Lost Highway: Journeys & Arrivals of American Musicians
Peter Guralnick

Lost_HighwayMy capacity for self-torture appears limitless.

Why else would I spend the scant time I have available for reading with an author whose work I am on record as finding less than pleasurable? The answer is unsatisfying: I bought the book and felt compelled to read it. No more, no less but no free pass for having a predisposition against the author.

Peter Guralnick is best known for his two-volume biography of Elvis Presley. In reality, though, he’s been writing about popular music for about as long as it’s been possible to make a living doing that. So you’d think he’d be in the pantheon. I can remember lots of work from back in the day by the likes of  Lester Bangs and Greil Marcus and Ben Fong-Torres and  Robert Christgau and J.D. Considine. That I have no memory of Guralnick–their contemporary–probably speaks volumes.

In this collection of his work the focus is on what has come to be called roots music. And now that I’ve googled it I’m not even sure who has come to call it that because there is a distinct lack of online information. So let me offer my definition: roots music is the stuff that came together to form the earliest rock ‘n’ roll records. That means blues and country mostly but those terms encompass a broad swath as you’ll discover if you light out for the territory.

Guralnick’s stew is different from mine. For him rockabilly is part of the mix (I’d say it’s the result) as are the early products of Sun Studio and the later work of the country musicians who came to be called the outlaws by the Nashville establishment. (Not to be confused with The Outlaws, the Jacksonville, FL southern rockers following in the steps of Lynyrd Skynyrd.)

I’m sure I could argue about this for a solid couple of hours but it’s really a matter of preference. Where Guralnick sees a continuum I see categories. We end up in the same place so why bother with how we got there.

As with the previous volume, there’s a little too much of the author in these pieces for my liking. I realized while reading this book that I’d make that criticism about a lot of music writing. Tell me, in the way Sasha Frere-Jones often does, that the paradiddles on the high hat or the layered chorus transport you and I’m going along for the trip. Gush endlessly about Howling Wolf‘s art and I can’t go along despite my love of Chester. (And I’m the guy who once dragged two colleagues with zero blues knowledge to the Wolf ‘shrine’ in the Harold Washington Library Center.)

In part that’s because I can’t abide this conceit that I’d argue writers about music borrow from the visual arts. Unlike some other arts the popular forms of music are commercial products, created for the marketplace. Film works the same way. Howling Wolf, Muddy Waters, BB King even Robert Johnson wanted an audience; it’s how they ate. To strip out the commercial aspect is unfair to who and what they were: working musicians with the emphasis on working.
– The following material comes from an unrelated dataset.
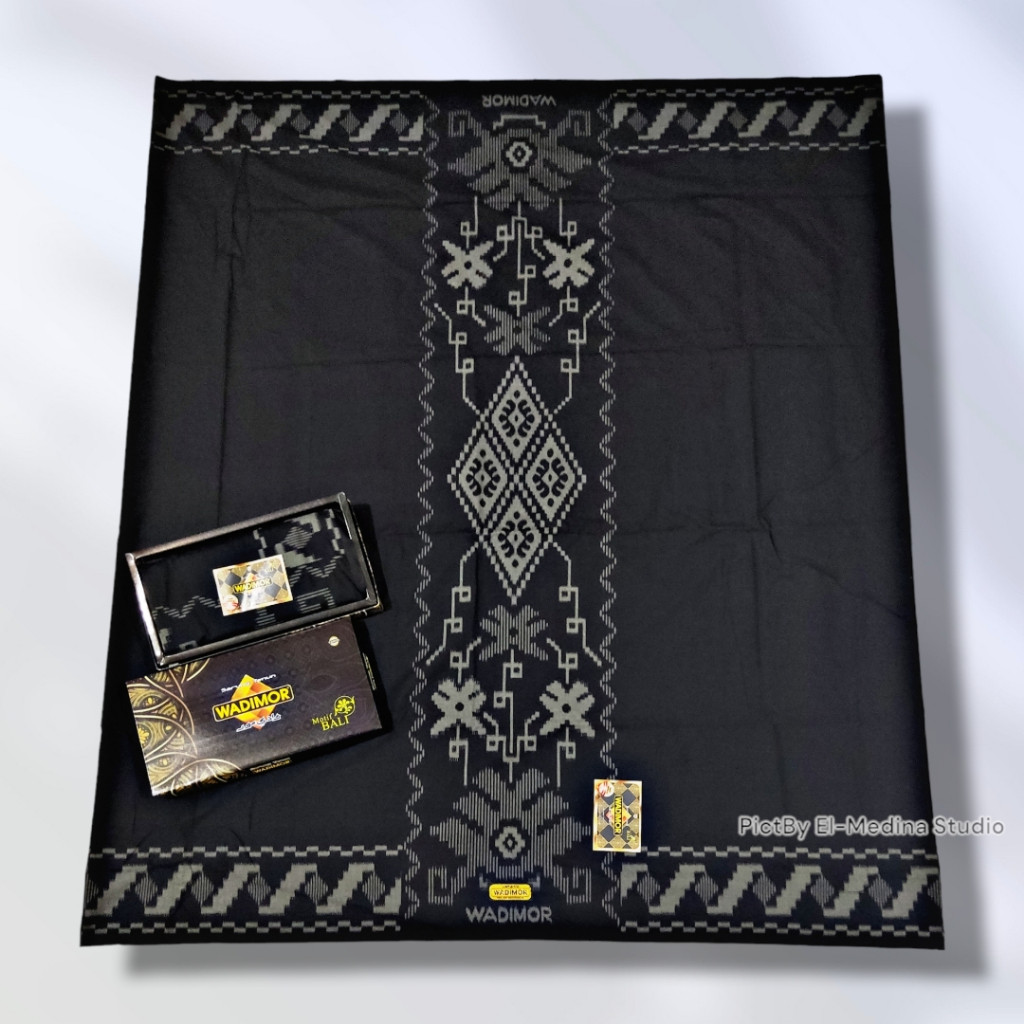 Sarung Wadimor Motif Kembang Putih Special Premium WHS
That doesn’t mean they didn’t love music. It doesn’t mean they never got on a stage and created magic. But it’s a different context than sitting around thinking about their ‘art.’ I sometimes think it’s a distinctly middle class, college-educated outlook that says as much about how the writer views their own craft as about what’s really going on. Live with people fixed on making sure the bills are paid and there’s food on the table and you’ll be disabused of romantic notions of artistry.

There is one unalloyed good about this book. Just about every musician profiled is worth knowing. So it’s a convenient place to meet them. You’ll meet the unsung (Charlie Feathers), the semi-obscure (Sleepy LaBeef) and, if all you know is the pop stardom, the improbable (Charlie Rich), even the, at the time of writing, newfound (Son Seals). Every on eof these guys has given me hours of listening pleasure.

At the end of the day, just like the bard said, the tune’s the thing. Dip in, scan the discography (which is the book’s  highpoint–not a dud or arguable selection in it) and get your ears and dancing shoes on. Because whatever I think of the writer, his subject is what keeps me going.